Only after quantitatively trimming the oligosaccharide side chains to the peptide-linked -GalNAc residue by mild TFMSA treatment (26-27), Fig. 2B, does the PSM glycopeptide core become susceptible to cleavage by trypsin, Fig. 2C, presumably releasing monomeric glycosylated tryptic tandem repeats (peak T3).² Mild TFMSA treatment does not appreciably degrade the mucin, since on gel filtration untreated and treated mucin (TR-PSM and TTR-PSM respectively) contain similar high molecular weight glycosylated peaks, Fig. 2, A and B. Integrations of the -carbon resonances of the ¹³C NMR spectra of native and TTR-PSM confirm that 96 to 97% of the glycosylated Ser and Thr residues of the native mucin retain intact unsubstituted -GalNAc residues after mild TFMSA treatment (data not shown, see Ref. 26).

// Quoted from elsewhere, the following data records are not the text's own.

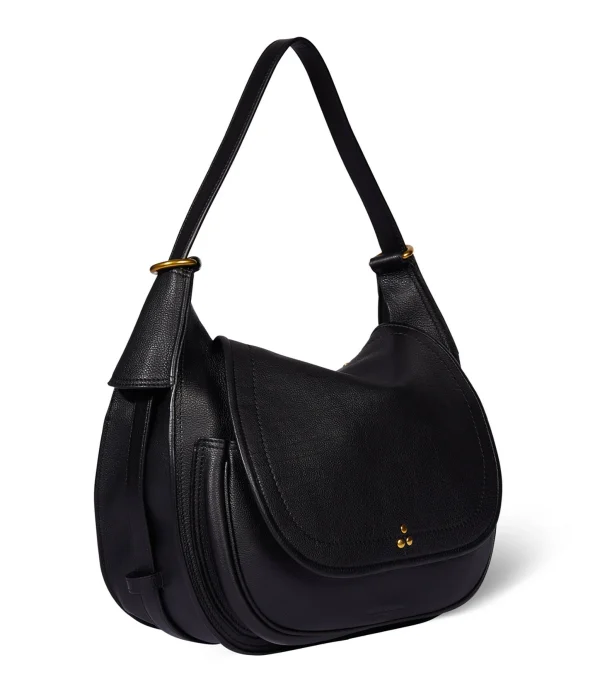 JEROME DREYFUSS Sac Philippe Cuir Grainé Noir Brass 3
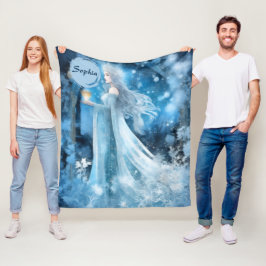 Snö Queen Fantasy Art - Mystical Winter Goddess Fleecefilt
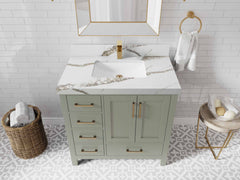Malibu 36 in. W x 22 in. D with Center Sink Bathroom Vanity - photo 13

The suspected monomeric glycosylated tryptic tandem repeat, pooled as indicated in Fig. 2C, gave a single sharp peak after rechromatography on S200 as shown in Fig. 2D (). On reverse phase HPLC, Fig. 3A, this peak gives a single somewhat broadened peak, representing the ensemble of heterogeneously glycosylated tandem repeats. This peak was pooled for amino acid sequencing and for subsequent digestion by Glu C (discussed below). Amino acid sequencing of this peak confirmed the isolation of the PSM tryptic tandem repeat.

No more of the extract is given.